• [Your task]:
The records that follow should be returned exactly, pictures excluded.

Caption-style text data:
↓↓↓

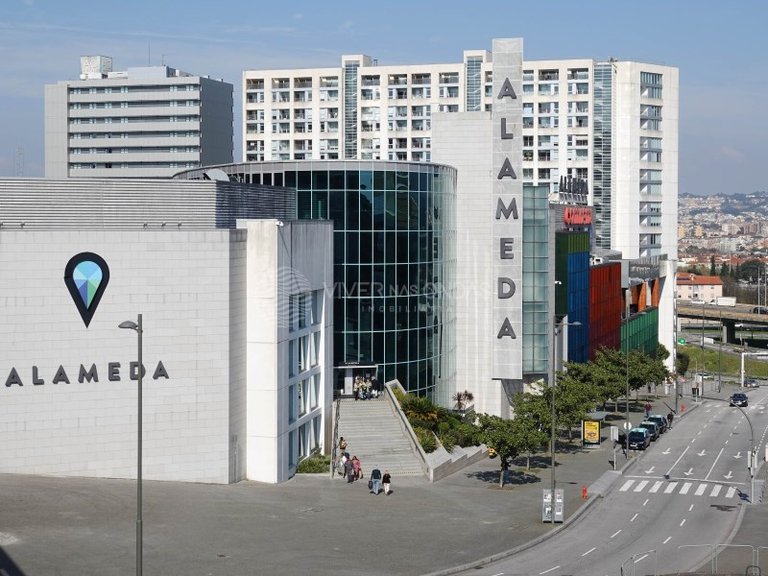 Apartment for Sale in Porto, Porto 25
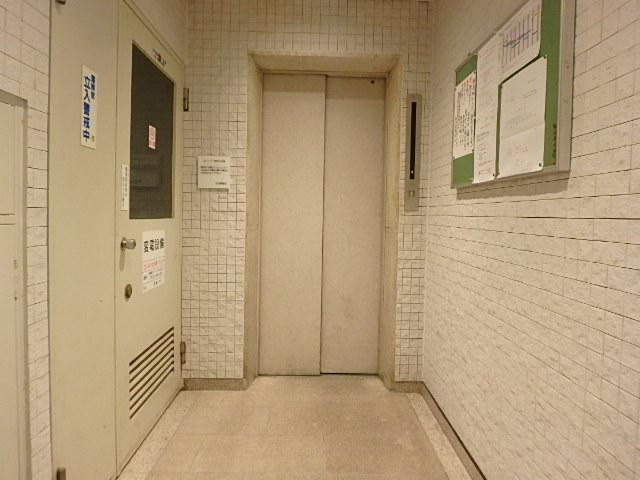 ホール②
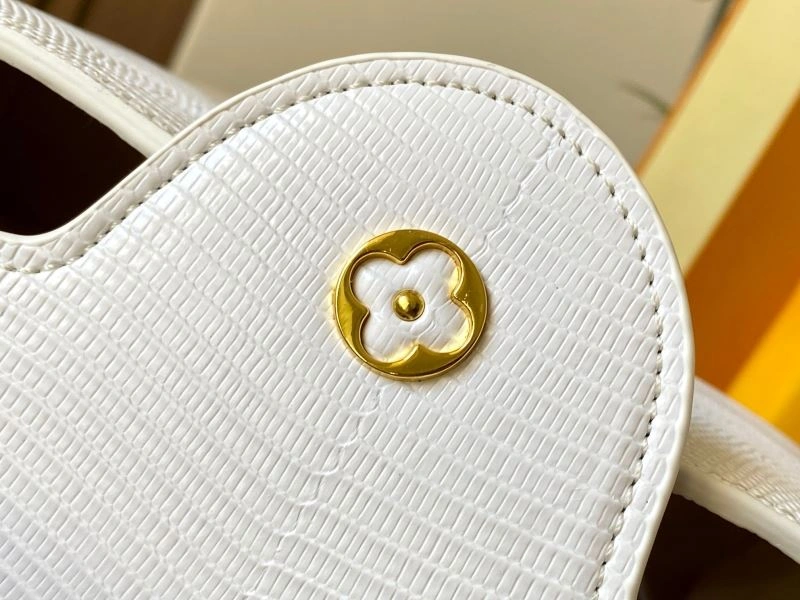 MoistureWicking Louis Vuitton Top Handle Bags 80004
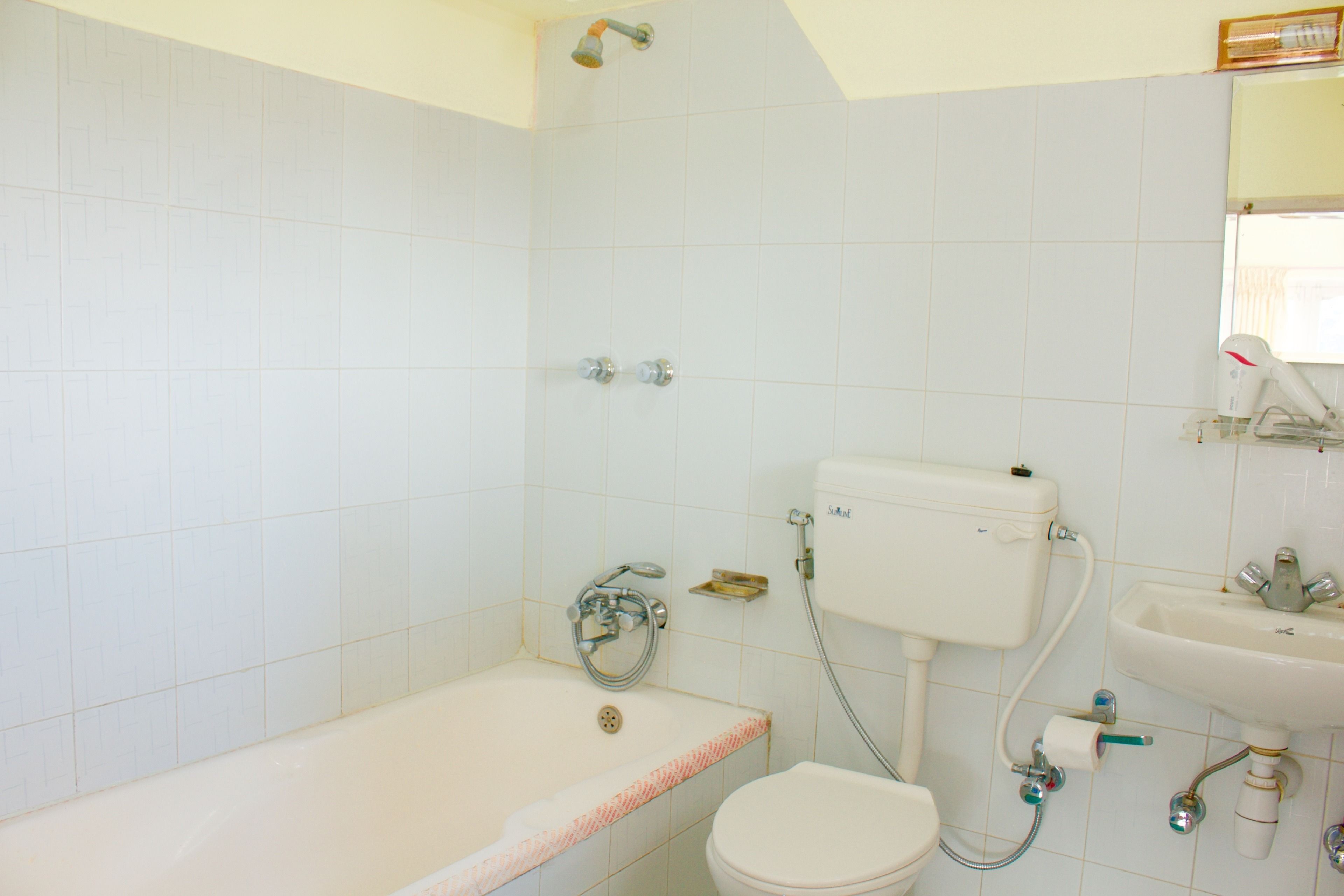Un baño con bañera, inodoro y lavamanos.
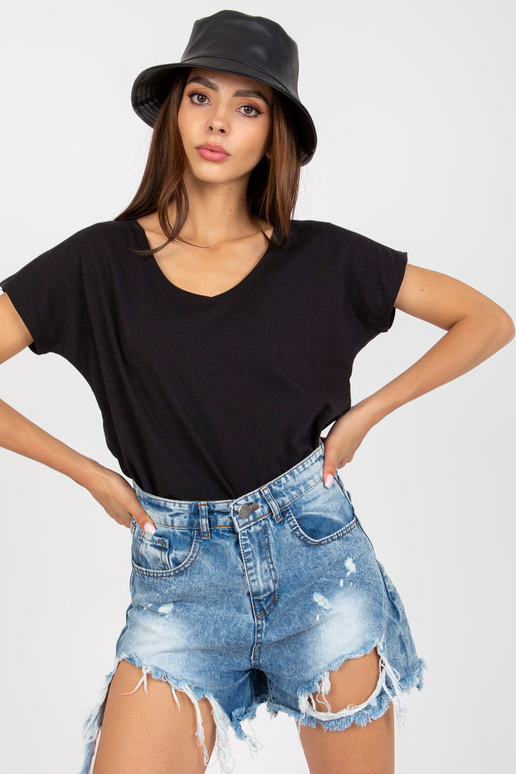 Černé dámské tričko basic s výstřihem...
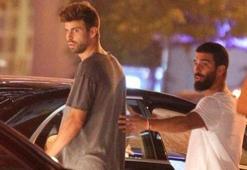 Arda Turan'dan Pique'ye davet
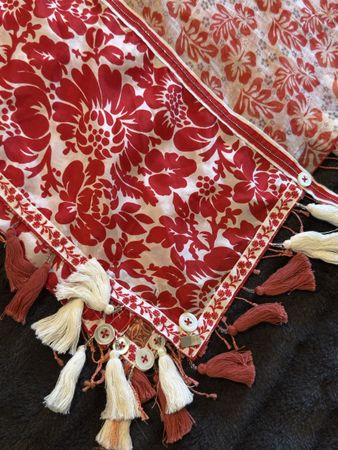 HIGH Everyday Couture Magnifique Écharpe / Foulard 91x108 cm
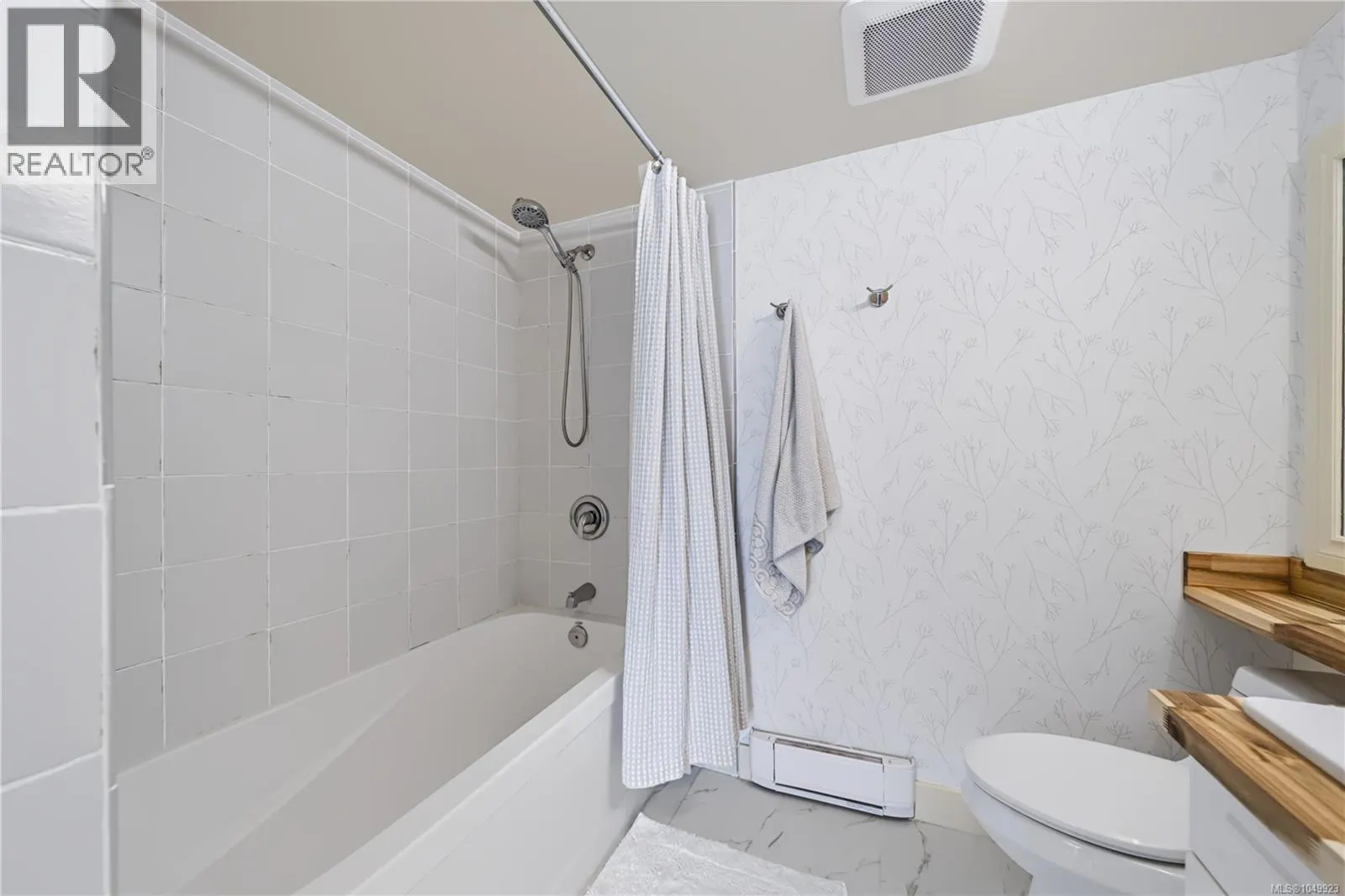 212 4965 Vista View Cres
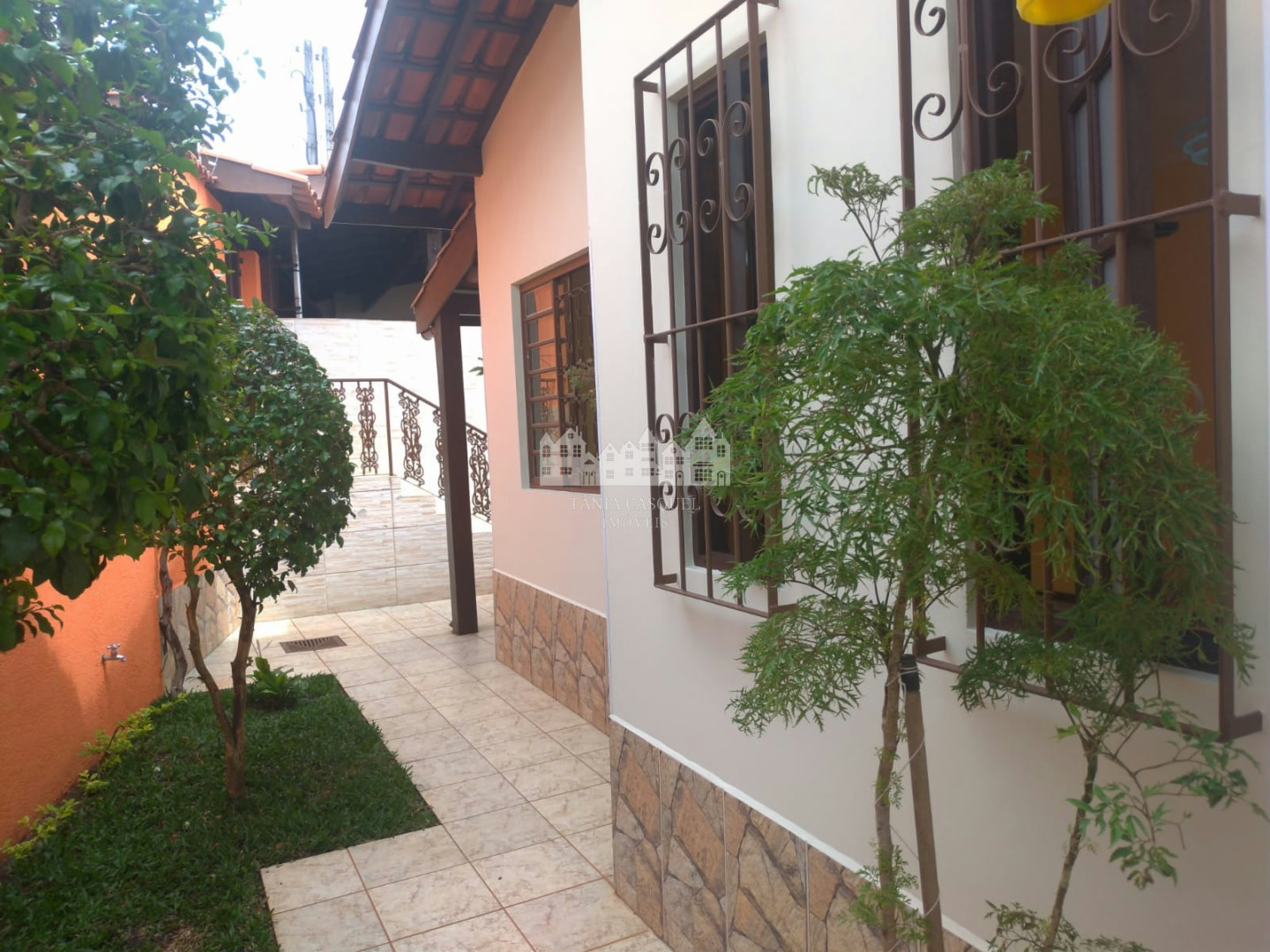 Casa, 2 quartos, 14647 m² - Foto 2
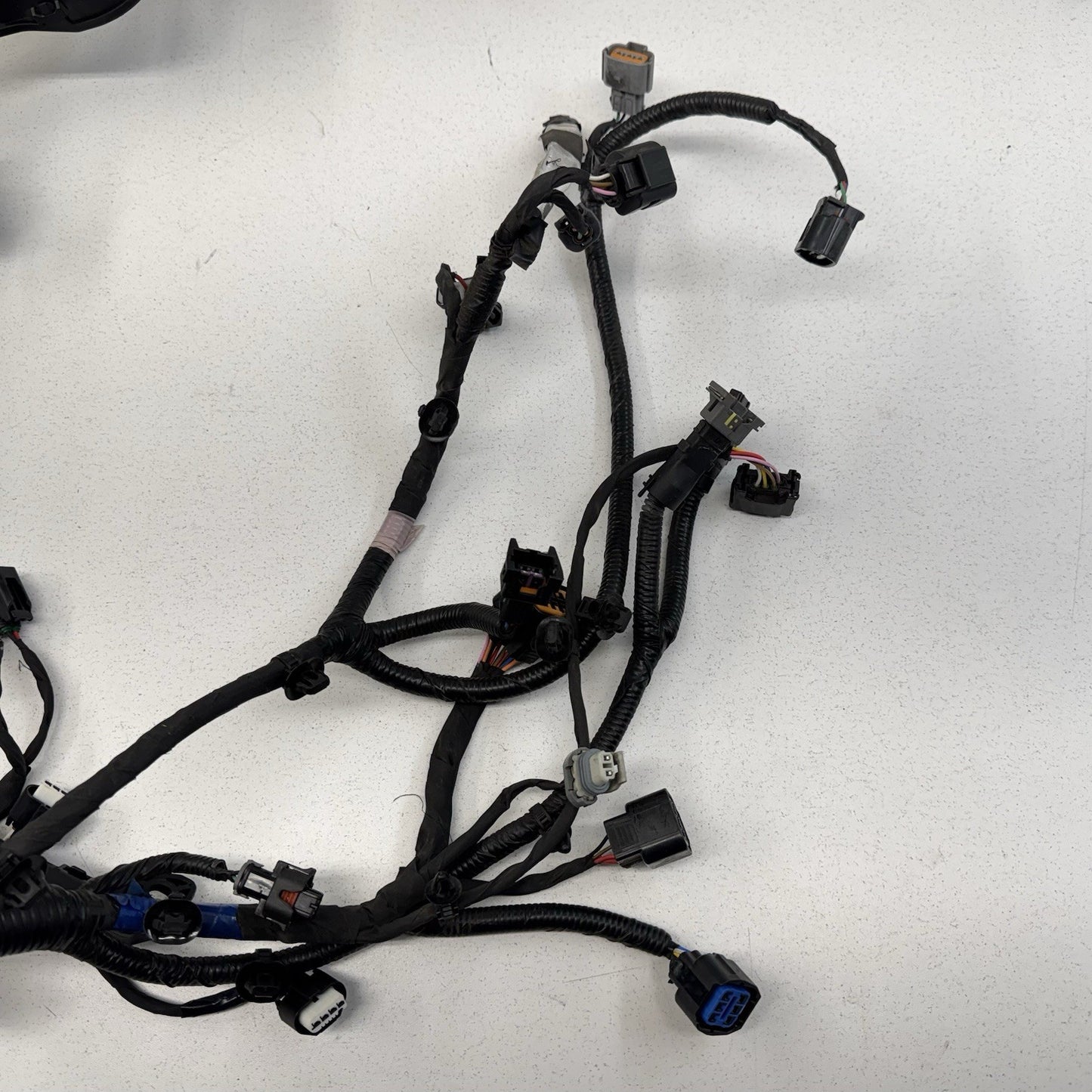 24-26 Hyundai Elantra N 2.0L Automatic Engine Wiring Harness With Fuse Box OEM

↑↑↑

• [Written response]:
 Apartment for Sale in Porto, Porto 25
 ホール②
 MoistureWicking Louis Vuitton Top Handle Bags 80004
Un baño con bañera, inodoro y lavamanos.
 Černé dámské tričko basic s výstřihem...
 Arda Turan'dan Pique'ye davet
 HIGH Everyday Couture Magnifique Écharpe / Foulard 91x108 cm
 212 4965 Vista View Cres
 Casa, 2 quartos, 14647 m² - Foto 2
 24-26 Hyundai Elantra N 2.0L Automatic Engine Wiring Harness With Fuse Box OEM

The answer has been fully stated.